Provided records Start Marker

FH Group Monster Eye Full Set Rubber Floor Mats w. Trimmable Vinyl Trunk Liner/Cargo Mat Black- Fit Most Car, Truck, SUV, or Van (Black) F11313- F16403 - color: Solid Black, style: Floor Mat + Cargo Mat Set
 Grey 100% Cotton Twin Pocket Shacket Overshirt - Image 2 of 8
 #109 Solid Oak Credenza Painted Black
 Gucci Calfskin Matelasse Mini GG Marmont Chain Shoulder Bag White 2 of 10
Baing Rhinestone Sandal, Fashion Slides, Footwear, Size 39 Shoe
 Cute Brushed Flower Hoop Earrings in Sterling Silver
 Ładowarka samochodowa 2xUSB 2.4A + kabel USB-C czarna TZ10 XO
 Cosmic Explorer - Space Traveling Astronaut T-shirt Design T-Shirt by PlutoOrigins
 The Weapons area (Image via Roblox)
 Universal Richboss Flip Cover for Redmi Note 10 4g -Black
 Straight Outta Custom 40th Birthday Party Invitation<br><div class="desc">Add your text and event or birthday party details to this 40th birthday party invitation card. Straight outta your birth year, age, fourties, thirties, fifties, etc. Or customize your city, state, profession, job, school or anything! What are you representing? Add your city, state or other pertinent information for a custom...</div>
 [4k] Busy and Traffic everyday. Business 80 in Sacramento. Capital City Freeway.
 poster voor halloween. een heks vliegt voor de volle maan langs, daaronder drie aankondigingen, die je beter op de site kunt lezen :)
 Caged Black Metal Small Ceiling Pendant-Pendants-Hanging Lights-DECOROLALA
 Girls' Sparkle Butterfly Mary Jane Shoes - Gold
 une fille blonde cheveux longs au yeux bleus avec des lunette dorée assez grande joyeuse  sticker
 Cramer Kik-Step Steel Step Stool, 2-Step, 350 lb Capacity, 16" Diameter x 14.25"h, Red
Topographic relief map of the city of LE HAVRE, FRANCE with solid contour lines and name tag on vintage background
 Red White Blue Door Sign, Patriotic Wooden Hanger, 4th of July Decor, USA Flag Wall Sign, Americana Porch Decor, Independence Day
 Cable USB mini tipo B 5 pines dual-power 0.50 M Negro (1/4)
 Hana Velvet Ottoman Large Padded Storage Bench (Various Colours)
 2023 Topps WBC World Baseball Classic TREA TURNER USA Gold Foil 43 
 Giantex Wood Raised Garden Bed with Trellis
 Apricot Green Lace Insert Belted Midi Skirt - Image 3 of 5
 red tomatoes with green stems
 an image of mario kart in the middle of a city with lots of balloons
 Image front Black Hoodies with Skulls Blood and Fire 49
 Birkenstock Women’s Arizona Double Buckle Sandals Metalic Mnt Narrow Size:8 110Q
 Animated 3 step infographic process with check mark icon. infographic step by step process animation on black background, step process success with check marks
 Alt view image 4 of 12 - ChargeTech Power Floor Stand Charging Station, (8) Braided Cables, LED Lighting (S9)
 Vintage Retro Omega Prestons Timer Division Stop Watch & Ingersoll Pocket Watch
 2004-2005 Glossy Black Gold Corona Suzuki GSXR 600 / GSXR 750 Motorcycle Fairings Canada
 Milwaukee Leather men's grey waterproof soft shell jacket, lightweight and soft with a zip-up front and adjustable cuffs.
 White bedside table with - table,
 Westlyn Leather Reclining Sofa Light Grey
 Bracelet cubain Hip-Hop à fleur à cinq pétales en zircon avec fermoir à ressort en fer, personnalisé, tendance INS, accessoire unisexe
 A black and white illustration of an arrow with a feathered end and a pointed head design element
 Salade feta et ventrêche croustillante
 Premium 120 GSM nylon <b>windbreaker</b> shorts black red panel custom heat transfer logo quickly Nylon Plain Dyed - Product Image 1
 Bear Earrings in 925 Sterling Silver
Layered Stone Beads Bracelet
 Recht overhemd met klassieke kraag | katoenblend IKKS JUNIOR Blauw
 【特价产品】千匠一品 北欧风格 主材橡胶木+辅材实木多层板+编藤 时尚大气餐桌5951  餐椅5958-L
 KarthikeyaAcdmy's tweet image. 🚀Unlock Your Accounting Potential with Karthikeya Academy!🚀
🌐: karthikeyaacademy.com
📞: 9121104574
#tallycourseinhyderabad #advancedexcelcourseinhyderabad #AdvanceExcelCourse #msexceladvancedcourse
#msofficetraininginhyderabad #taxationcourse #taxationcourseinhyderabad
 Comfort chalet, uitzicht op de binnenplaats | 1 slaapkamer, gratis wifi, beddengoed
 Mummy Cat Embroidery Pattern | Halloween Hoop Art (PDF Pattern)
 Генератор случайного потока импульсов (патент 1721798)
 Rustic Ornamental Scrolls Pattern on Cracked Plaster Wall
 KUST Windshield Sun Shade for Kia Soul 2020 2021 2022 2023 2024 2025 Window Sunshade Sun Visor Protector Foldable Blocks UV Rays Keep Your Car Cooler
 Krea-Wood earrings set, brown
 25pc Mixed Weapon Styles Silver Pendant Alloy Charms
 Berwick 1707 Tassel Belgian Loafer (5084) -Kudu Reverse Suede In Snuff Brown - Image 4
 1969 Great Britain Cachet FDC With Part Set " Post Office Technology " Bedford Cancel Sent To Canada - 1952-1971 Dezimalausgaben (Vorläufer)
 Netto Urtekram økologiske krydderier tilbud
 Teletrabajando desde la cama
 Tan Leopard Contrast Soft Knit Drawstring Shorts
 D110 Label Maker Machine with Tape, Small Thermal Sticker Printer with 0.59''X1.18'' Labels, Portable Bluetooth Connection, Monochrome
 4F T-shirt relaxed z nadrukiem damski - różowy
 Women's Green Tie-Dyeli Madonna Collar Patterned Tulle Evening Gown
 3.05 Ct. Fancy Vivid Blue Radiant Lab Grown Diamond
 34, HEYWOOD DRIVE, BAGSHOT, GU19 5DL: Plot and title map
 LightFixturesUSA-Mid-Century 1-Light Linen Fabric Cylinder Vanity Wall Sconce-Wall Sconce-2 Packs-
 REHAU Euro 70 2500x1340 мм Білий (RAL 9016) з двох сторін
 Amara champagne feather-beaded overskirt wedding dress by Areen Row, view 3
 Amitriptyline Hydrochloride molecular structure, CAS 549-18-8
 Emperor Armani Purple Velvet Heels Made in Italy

Provided records End Marker

→ **Action item**
Give back precisely the lines above that start at the line containing "une fille blonde" and end at the line containing "Topographic relief map", inclusive. No other lines belong in the output.

→ **Completed exercise**
 une fille blonde cheveux longs au yeux bleus avec des lunette dorée assez grande joyeuse  sticker
 Cramer Kik-Step Steel Step Stool, 2-Step, 350 lb Capacity, 16" Diameter x 14.25"h, Red
Topographic relief map of the city of LE HAVRE, FRANCE with solid contour lines and name tag on vintage background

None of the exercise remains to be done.